C++20 mutex with atomic wait [closed]

Closed. This question is opinion-based. It is not currently accepting answers.
Want to improve this question? Update the question so it can be answered with facts and citations by editing this post.
Closed 8 months ago.
Improve this question
From C++20 std::atomics have wait and notify operations. With is_always_lock_free we can ensure that the implementation is lock free. With these bricks building a lock-free mutex is not so difficult. In trivial cases locking would be a compare exchange operation, or a wait if the mutex is locked. The big question here is if it is worth it or not. If I can create such an implementation most probably the STL version is much better and faster. However I still remember how surprised I was when I saw how QMutex outperformed std::mutex QMutex vs std::mutex in 2016. So what do you think, should I experiment with such an implementation or the current implementation of std::mutex is matured enough to be optimized far beyond these tricks?
UPDATE
My wording wasn't the best, I mean that the implementation could be lock free on the happy path (locking from not locked state). Of course we should be blocked and re-scheduled if we need to wait to acquire the lock. Most probably atomic::wait is not implemented by a simple spinlock on most of the platforms (let's ignore the corner cases now), so basically it achieves the very same thing mutex::lock does. So basically if I implement such a class it would do exactly the same std::mutex does (again on most of the popular platforms). It means that STL could use the same tricks in their mutex implementations on the platforms that support these tricks. Like this spinlock, but I would use atomic wait instead of spinning. Should I trust my STL implementation that they did so?

A lock-free mutex is a contradiction.
You can build a lock out of lock-free building-blocks, and in fact that's the normal thing to do whether it's hand-written in asm or with std::atomic.
But the overall locking algorithm is by definition not lock-free. (https://en.wikipedia.org/wiki/Non-blocking_algorithm). The entire point is to stop other threads from making forward progress while one thread is in the critical section, even if it unfortunately sleeps while it's there.
I mean that the implementation could be lock free on the happy path (locking from not locked state)
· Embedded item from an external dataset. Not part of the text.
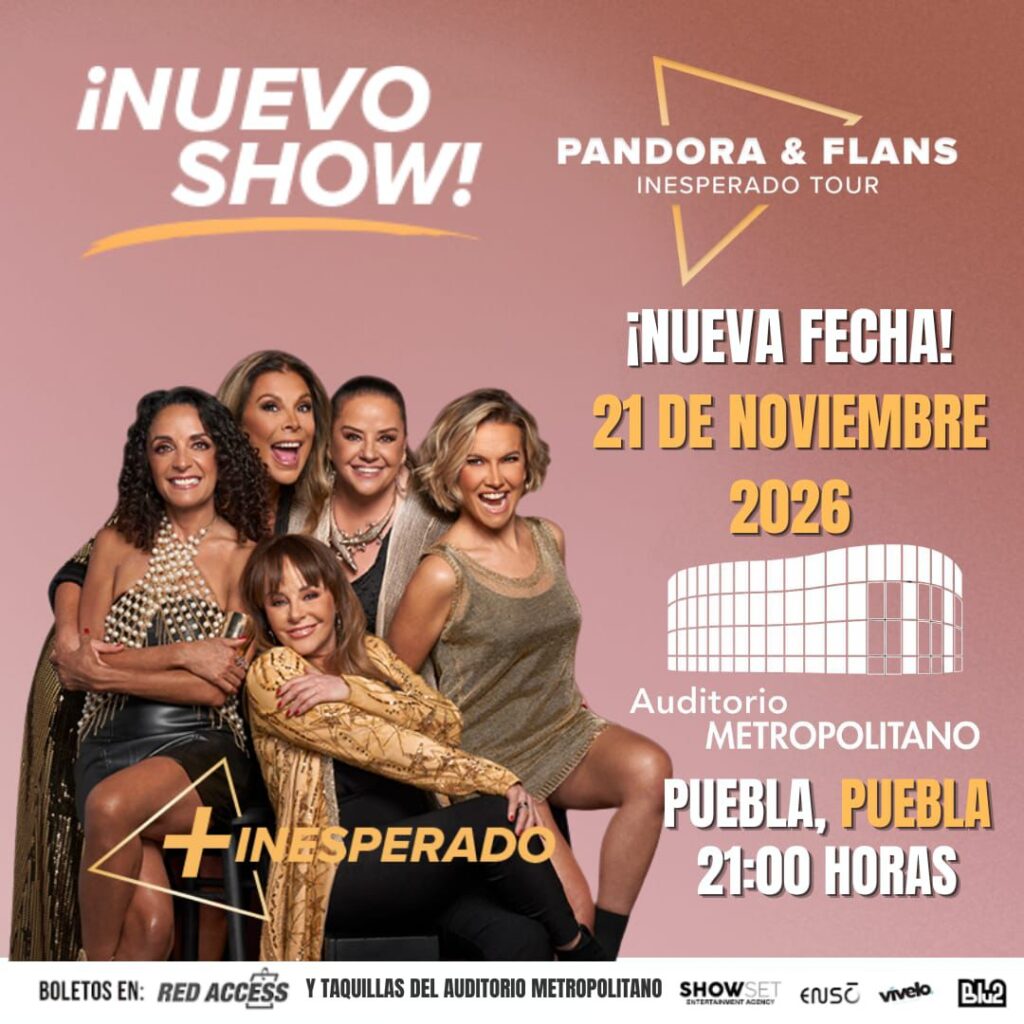 PANDORA Y FLANS PUEBLA 2026 AUDITORIO METROPOLITANO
std::mutex::lock() is that way too: it doesn't block if it doesn't have to! It might need to make a system call like futex(FUTEX_WAIT_PRIVATE) if there's a thread waiting for the lock. But so does an implementation that used std::notify.
Perhaps you haven't understood what "lock-free" means: it never blocks, regardless of what other threads are doing. That is all. It doesn't mean "faster in the simple/easy case". For a complex algorithm (e.g. a queue), it's often faster to just give up and block if the circular buffer is full, rather than adding overhead to the simple case to allow other threads to "assist" or cancel a stuck partial operation. (Lock-free Progress Guarantees in a circular buffer queue)
There is no inherent advantage to rolling your own std::mutex out of std::atomic. The compiler-generated machine code has to do approximately the same things either way, and I'd expect the fast path to be about the same. The only difference would be in choice of what to do in the already-locked case. (But maybe tricky to design a way to avoid calling notify iff there were no waiters, something that actual std::mutex manages in the glibc / pthreads implementation Linux.)
(I'm assuming the overhead of the library function call is negligible compared to the cost of an atomic RMW to take the mutex. Having that inline into your code is a pretty minor advantage.)
A mutex implementation can be tuned for certain use-cases, in terms of how long it spin-waits before sleeping (using an OS-assisted mechanism like futex to enable other threads to wake it when releasing the lock), and in exponential backoff for the spin-wait portion.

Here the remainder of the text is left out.